PySpark Projects:- Scenario Based Complex ETL projects Part3

I have divided a pyspark big script in many steps –by using steps1=”’ some codes”’ till steps7, i want to execute all these steps one after another and also if needed some steps can be not be executed. if any steps fails then then next step only get executed if mentioned to run even if previous has failed.

To execute multiple steps (defined as strings of code) sequentially in PySpark, while controlling which steps should execute next based on success or failure, you can implement a mechanism for error handling and conditional execution.

Here’s a sample approach using Python’s exec() function to run the steps dynamically and adding a control structure to handle step execution and failures.

Step-by-Step Approach:

Define the steps as strings (already done).
Create a control table or list to specify:
- Whether to run the step.
- Whether the next step should run even if the current step fails.
Use try and except blocks to handle execution and log errors.
Conditional execution of the next steps based on success/failure.

Example:

# Defining your steps as code blocks
step1 = '''
print("Executing Step 1")
df = spark.read.csv("data1.csv")
'''

step2 = '''
print("Executing Step 2")
df = df.filter(df['age'] > 30)
'''

step3 = '''
print("Executing Step 3")
df = df.groupBy("country").count()
'''

step4 = '''
print("Executing Step 4")
# Assume this step fails
raise ValueError("Simulated failure in Step 4")
'''

# Control table: run_step=True means execute, run_on_failure=True means continue if previous failed
control_table = [
    {"step": step1, "run_step": True, "run_on_failure": True},   # Step 1
    {"step": step2, "run_step": True, "run_on_failure": False},  # Step 2
    {"step": step3, "run_step": True, "run_on_failure": True},   # Step 3
    {"step": step4, "run_step": True, "run_on_failure": False},  # Step 4
]

# Function to execute the steps
def execute_steps(control_table):
    for index, step_info in enumerate(control_table):
        step_code = step_info["step"]
        run_step = step_info["run_step"]
        run_on_failure = step_info["run_on_failure"]

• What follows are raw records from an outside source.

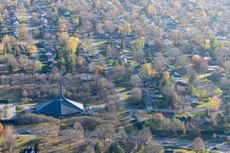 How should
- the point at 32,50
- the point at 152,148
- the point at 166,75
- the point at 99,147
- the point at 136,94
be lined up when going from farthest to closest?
1. the point at 32,50
2. the point at 166,75
3. the point at 136,94
4. the point at 152,148
5. the point at 99,147

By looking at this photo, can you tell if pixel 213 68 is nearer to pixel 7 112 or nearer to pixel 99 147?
pixel 7 112

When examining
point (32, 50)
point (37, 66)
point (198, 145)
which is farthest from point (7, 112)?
point (32, 50)

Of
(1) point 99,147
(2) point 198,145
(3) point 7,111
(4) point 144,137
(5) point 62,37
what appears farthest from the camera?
(5) point 62,37

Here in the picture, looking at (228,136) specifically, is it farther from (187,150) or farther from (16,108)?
(16,108)

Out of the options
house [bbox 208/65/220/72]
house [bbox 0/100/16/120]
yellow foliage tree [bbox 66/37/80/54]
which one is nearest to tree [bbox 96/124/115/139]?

        # If the step is marked to run
        if run_step:
            try:
                print(f"nRunning Step {index + 1}...")
                exec(step_code)
                print(f"Step {index + 1} executed successfully.")
            except Exception as e:
                print(f"Step {index + 1} failed with error: {e}")

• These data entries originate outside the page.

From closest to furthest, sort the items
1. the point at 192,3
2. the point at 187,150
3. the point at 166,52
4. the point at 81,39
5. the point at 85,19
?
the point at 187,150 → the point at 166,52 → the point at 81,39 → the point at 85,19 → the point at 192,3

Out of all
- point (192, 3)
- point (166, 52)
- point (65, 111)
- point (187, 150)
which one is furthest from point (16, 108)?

                # Check if the next step should be skipped if failure occurs
                if not run_on_failure:
                    print(f"Skipping next step due to failure in Step {index + 1}.")
                    break
        else:
            print(f"Skipping Step {index + 1}.")

# Execute all steps based on the control table
execute_steps(control_table)

Key Points:

Control Table: The control_table holds information on whether each step should run and whether the next step should run even if the current step fails (run_on_failure).
- run_step=True: Indicates the step should be executed.
- run_on_failure=True: If the previous step fails, continue executing this step.
Error Handling: The try and except block ensures that if a step fails, you can control whether to continue with the next steps.
Execution Logic: Steps are executed with exec(step_code) dynamically. Each step’s execution is logged with success or failure information.

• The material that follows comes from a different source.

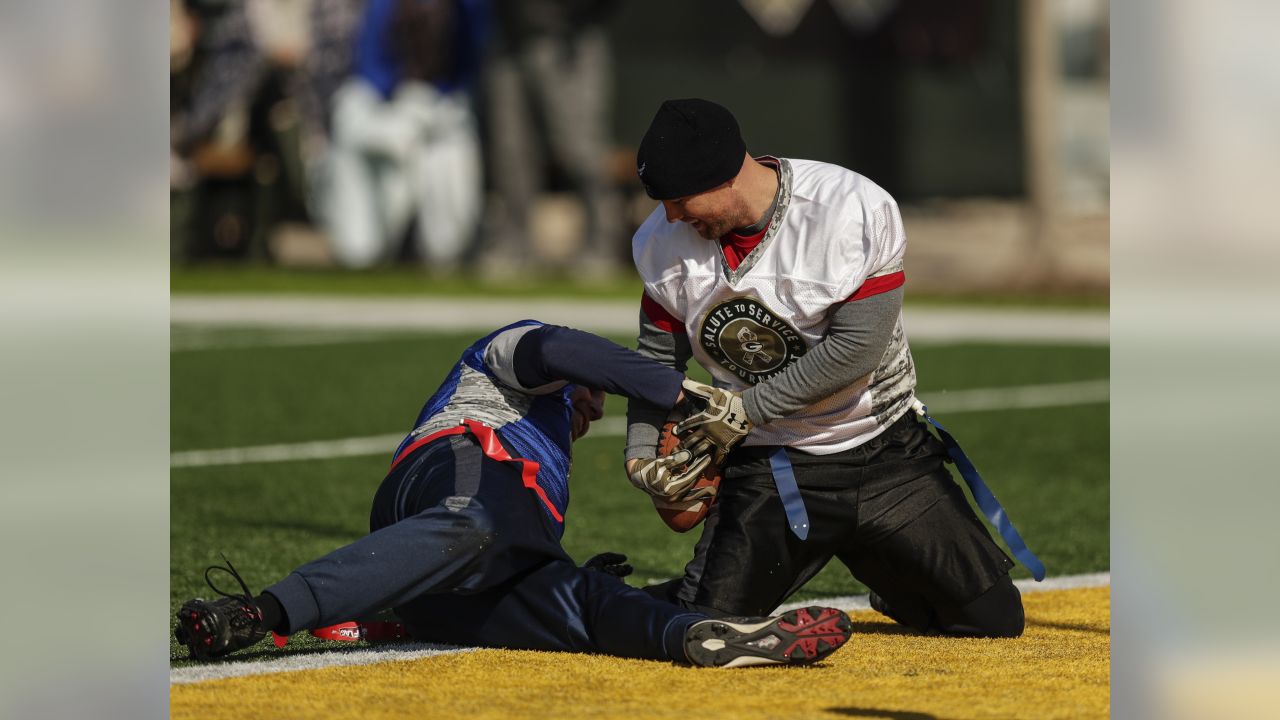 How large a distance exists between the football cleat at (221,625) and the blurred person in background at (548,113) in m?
13.8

This allows you to flexibly handle step execution and error management in your PySpark scripts.

to maintain a log of successes and failures, or add a retry mechanism for certain steps. You can also store execution results in a control table like the one you mentioned in your earlier queries (to save step results in Oracle).

from time import sleep
import cx_Oracle  # You'll need cx_Oracle library to connect to Oracle

# Example Steps
step1 = '''
print("Executing Step 1")
df = spark.read.csv("data1.csv")
'''

step2 = '''
print("Executing Step 2")
df = df.filter(df['age'] > 30)
'''

step3 = '''
print("Executing Step 3")
df = df.groupBy("country").count()
'''

step4 = '''
print("Executing Step 4")
# Simulated failure
raise ValueError("Simulated failure in Step 4")
'''

# Control table: run_step=True means execute, run_on_failure=True means continue if previous failed
control_table = [
    {"step": step1, "run_step": True, "run_on_failure": True, "retry_count": 2},  # Step 1
    {"step": step2, "run_step": True, "run_on_failure": False, "retry_count": 1}, # Step 2
    {"step": step3, "run_step": True, "run_on_failure": True, "retry_count": 2},  # Step 3
    {"step": step4, "run_step": True, "run_on_failure": False, "retry_count": 1}, # Step 4
]

# Function to connect to Oracle and insert logs
def insert_into_control_table(step_number, status, retry_count):
    connection = cx_Oracle.connect('user/password@hostname:port/service_name')
    cursor = connection.cursor()

    # Insert execution details into control table
    insert_query = '''
        INSERT INTO control_table (step_number, status, retry_count, executed_at)
        VALUES (:1, :2, :3, SYSTIMESTAMP)
    '''
    cursor.execute(insert_query, (step_number, status, retry_count))
    connection.commit()
    cursor.close()
    connection.close()

# Function to execute the steps with logging and retry mechanism
def execute_steps_with_retry(control_table):
    for index, step_info in enumerate(control_table):
        step_code = step_info["step"]
        run_step = step_info["run_step"]
        run_on_failure = step_info["run_on_failure"]
        max_retries = step_info["retry_count"]
        step_number = index + 1
        retries = 0
        success = False

        if run_step:
            while retries <= max_retries:
                try:
                    print(f"nRunning Step {step_number} (Attempt {retries + 1})...")
                    exec(step_code)  # Execute the step
                    success = True
                    print(f"Step {step_number} executed successfully.")
                    insert_into_control_table(step_number, "SUCCESS", retries)  # Log success
                    break  # Exit loop if successful
                except Exception as e:
                    retries += 1
                    print(f"Step {step_number} failed with error: {e}")
                    if retries > max_retries:
                        insert_into_control_table(step_number, "FAILURE", retries)  # Log failure
                        print(f"Max retries exceeded for Step {step_number}.")
                        if not run_on_failure:
                            print(f"Skipping remaining steps due to failure in Step {step_number}.")
                            return  # Exit if we shouldn't continue after failure
                    else:
                        print(f"Retrying Step {step_number} in 5 seconds...")
                        sleep(5)  # Wait before retrying
        else:
            print(f"Skipping Step {step_number}.")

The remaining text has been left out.